Survival to protest outside London PR firm
Survival International will protest tomorrow, Wednesday 28 May 2008, outside London PR firm FINSBURY urging them to resign their account representing Anil Agarwal and his company Vedanta, in the interest of human rights.
Finsbury is a subsidiary of advertising group WPP.
Survival has launched a new campaign targeting British FTSE-100 company VEDANTA, whose plans to mine a sacred mountain in India will, if approved, destroy the remote Dongria Kondh tribe. Vedanta is owned by London-based Indian billionaire Anil Agarwal.
Vedanta’s subsidiary, Sterlite, is currently awaiting permission from India’s Supreme Court to mine bauxite, the raw material for aluminium, from Niyamgiri mountain in Orissa, eastern India.
The 8,000 Dongria Kondh, one of India’s most isolated tribes, vehemently oppose the mine, saying it will end their way of life forever. Sterlite plans to construct a huge open cast mine, which will destroy a vast swathe of forest, as well as a large part of the mountain itself. The Dongria Kondh have lived on the slopes of Niyamgiri since time immemorial, and are totally dependent on its forests. They view the mountain as sacred, grow crops on the slopes, and gather wild fruit in the dense forests.
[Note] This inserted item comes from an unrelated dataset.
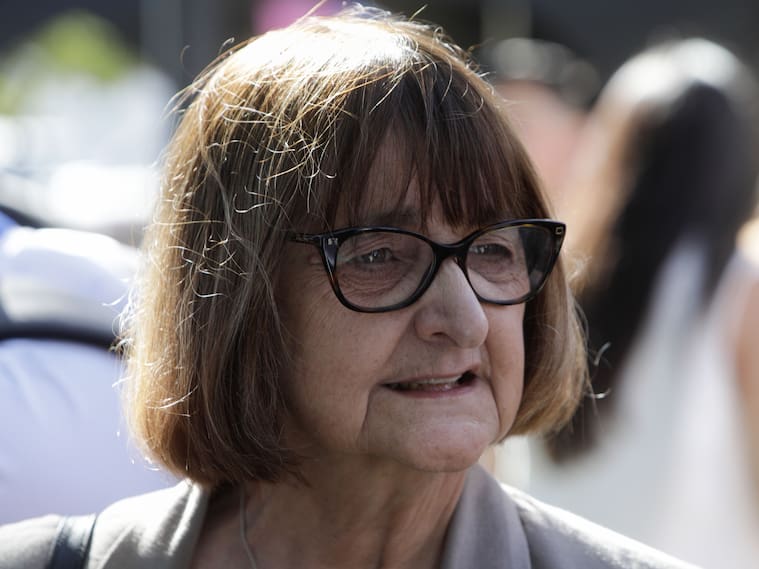 Rosa Devés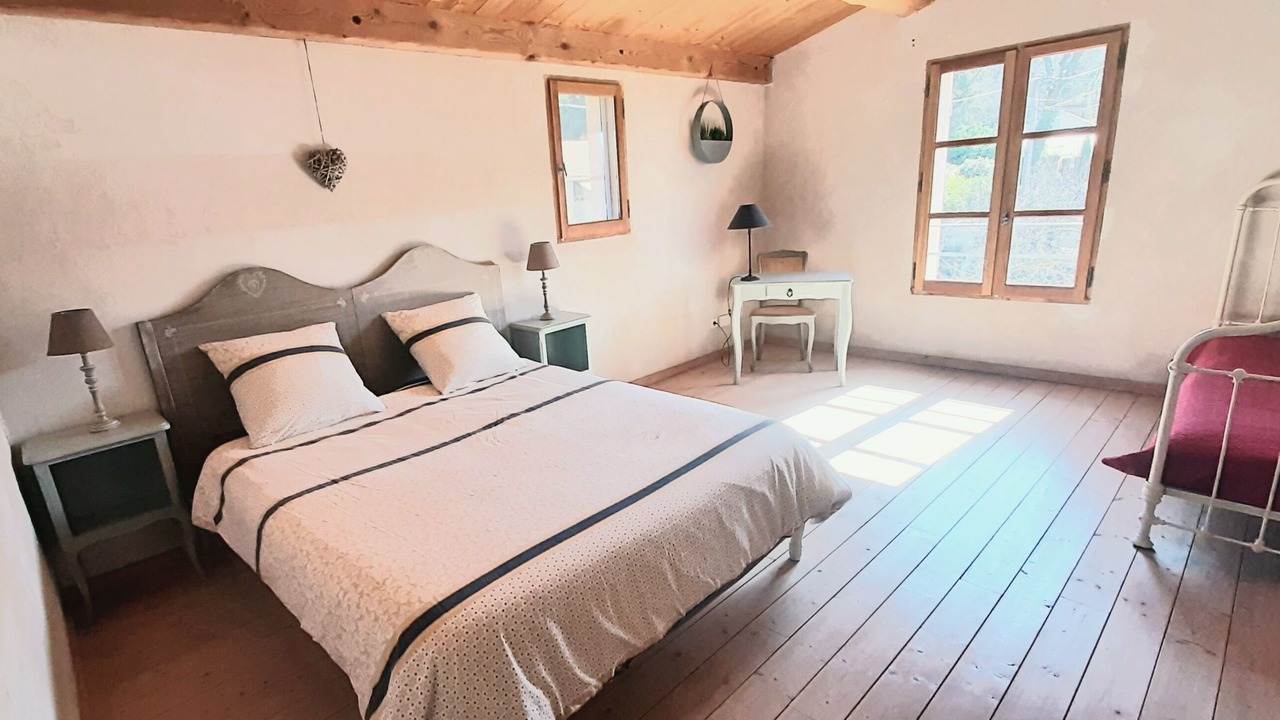 Photo of Bedroom in Saint-Quentin-la-Poterie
Survival’s director Stephen Corry said today, ‘People who care about human rights should boycott British companies which dispossess tribal peoples, or any of the companies working for them. That includes British PR companies like Finsbury, which parrots Anil Agarwal's denials that the Dongria Kondh peoples face destruction. It has a responsibility towards its staff and shareholders, and to human rights.'
For further information please contact Miriam Ross on (+44) (0)20 7687 8734 or email [email protected]
Notes to Editors:
- Survival International has a track record of successful campaigns targeting companies who operate on tribal peoples’ lands without their consent. Following lobbying by Survival, De Beers sold its concession to mine diamonds on the land of the Kalahari Bushmen in Botswana. In the 1990s, Mobil backtracked on plans to explore for oil in the Peruvian Amazon after a long Survival campaign.
- Anil Agarwal, one of the richest men in India, is worth an estimated $12.7 billion. He lives in Mayfair, London.